Lord's Day Liturgy

Suffering Week

Last Sunday began our remembrance of Passion Week. The “Passion” part isn’t referring to a strong emotion, it comes from the Latin word passio meaning suffering. Isaiah foretold that He would be “despised and rejected by men, a man of sorrows, and acquainted with grief” (Isaiah 53:3). This is the Suffering (Servant’s) Week.

On Sunday Jesus entered Jerusalem on a borrowed donkey and many hailed Him as the Messiah. On Monday Jesus cursed the fig tree and cleansed His Father’s house for the second time. On Tuesday He taught on Mt. Olivet and Judas agreed on a price for betrayal. On Wednesday we don’t know exactly what Jesus did. On Thursday Jesus washed the feet of His disciples and ate the Passover Meal with them, prayed in the Garden of Gethsemane, was betrayed by Judas, and tried. On Friday Jesus was tried again and again, beaten over and over, crucified, and buried. There is no record of events on the Sabbath, but by early the following Sunday the tomb was empty.
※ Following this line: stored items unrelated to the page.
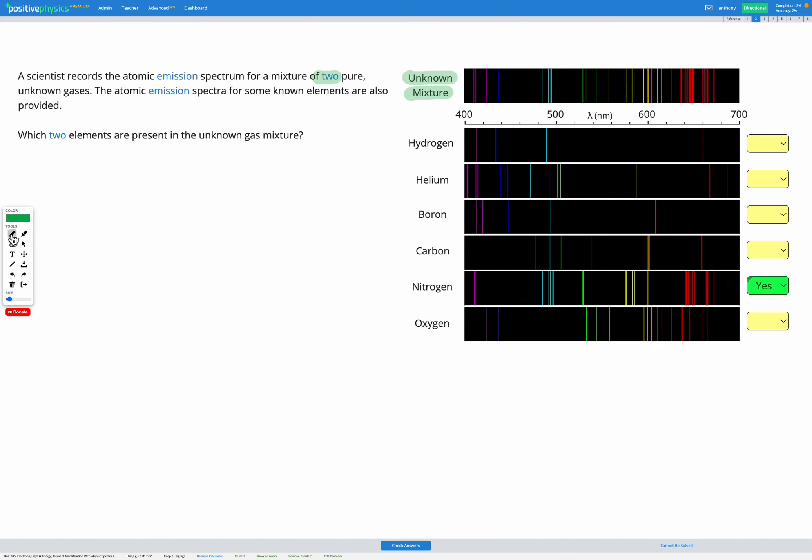Now we've got to figure out what the other one is. So the way I'm going to do this is match up my nitrogen with the unknown mixture, because I know I've got nitrogen in it, and see which are the extra lines that aren't accounted for by nitrogen.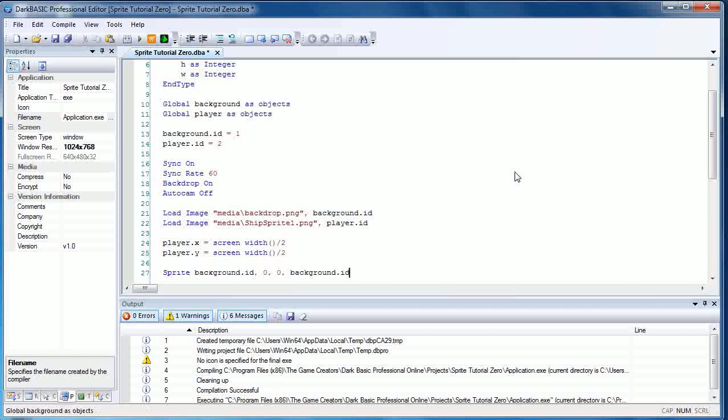And now the bit we've all been waiting for, we're going to use some sprite commands. So sprite background.id comma 0 comma 0 comma background.id. As you can see, this command is fairly self-explanatory. We're creating a sprite with the sprite command, assigning that sprite with the same id as the image. Now the thing you'll need to know is it's not in the main loop. Once a sprite object is created, it is treated as an object.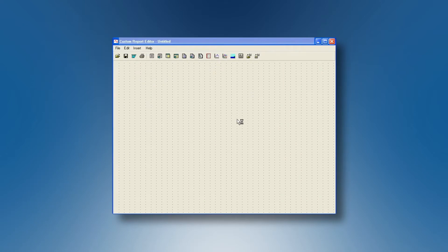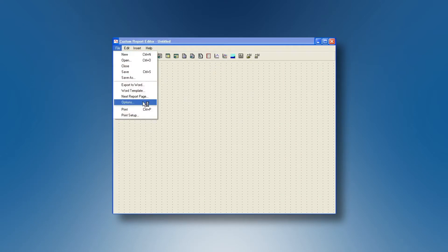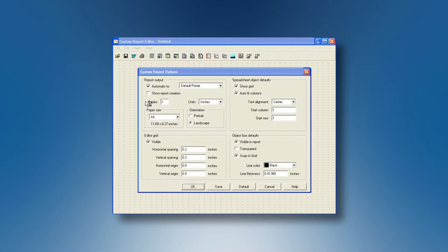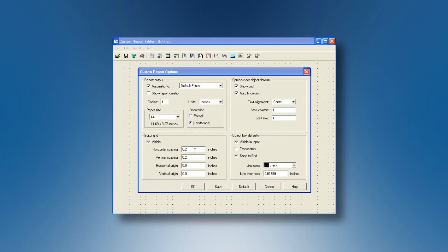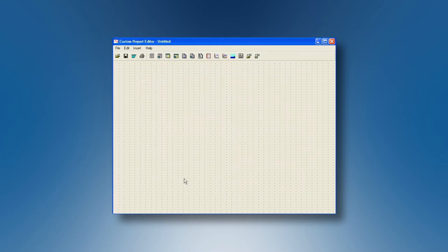This is our blank page. We can go to file, options, we can decide for the paper size for instance A4, for the orientation, portrait or landscape. We can save this if necessary.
Jesus entered Jerusalem to pageantry and praise. On the day we call Palm Sunday, the crowd was eager to crown their King (according to the prophecy in Zechariah 9:9). They cried out, “Hosanna!” “Save us, we pray!” They laid their clothes and palm branches on the road in front of Him.
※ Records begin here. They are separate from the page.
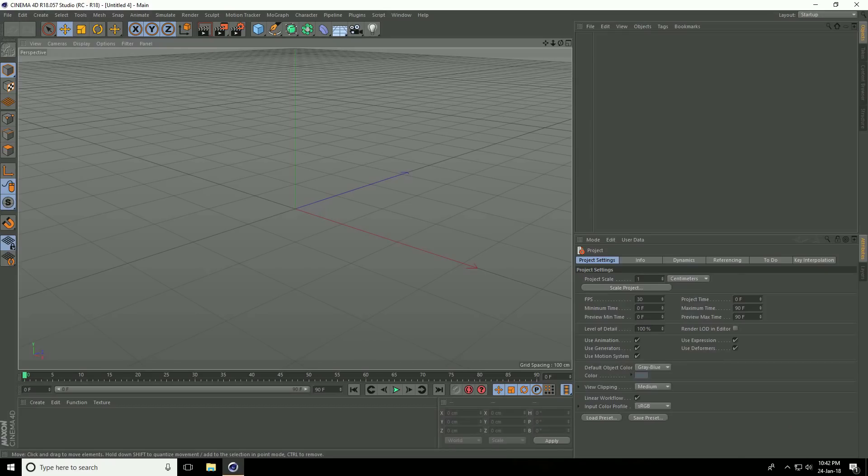Hey guys, welcome to 4Tutorials. Today I create cube text animation in Cinema 4D.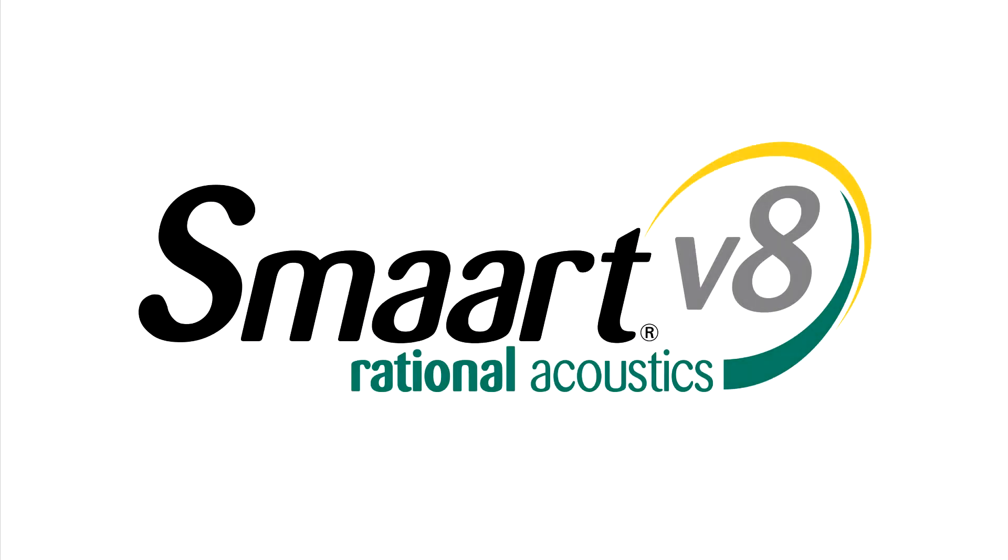As always, there's much more beyond what we've covered in this video. Please see the Smart Version 8.5 Release Overview document for a complete list of new and improved features and bug fixes, as well as instructions for updating. Or, for more information, please contact us by email at support at rationalacoustics.com.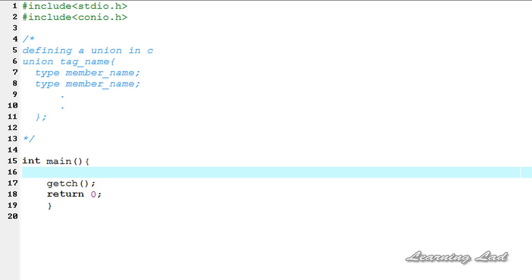Hi, this is Anil with a video tutorial for the YouTube channel Learning Light on C programming. In this tutorial we're going to see a special data type which is called union in C. I'm going to explain what is the union, what are the uses of this union, how to define a union, how to create a variable of a union, and how we can access the members of the union. So first we're going to see what is a union.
He was their Messiah, but not the One they wanted. He offered them life, but not the kind they wanted. He came to defeat their greatest enemy, their death-deserving sin, and to offer Himself as a sacrifice for sin. They just wanted Him to defeat the Romans.

And Jesus did, all that and more, though not as the people had imagined. Through His suffering we are free. Through His sacrifice we are forgiven. Through His wounds we are healed. He bore the sins of many, and the will of the Lord will prosper in His hand (Isiah 53:10-12).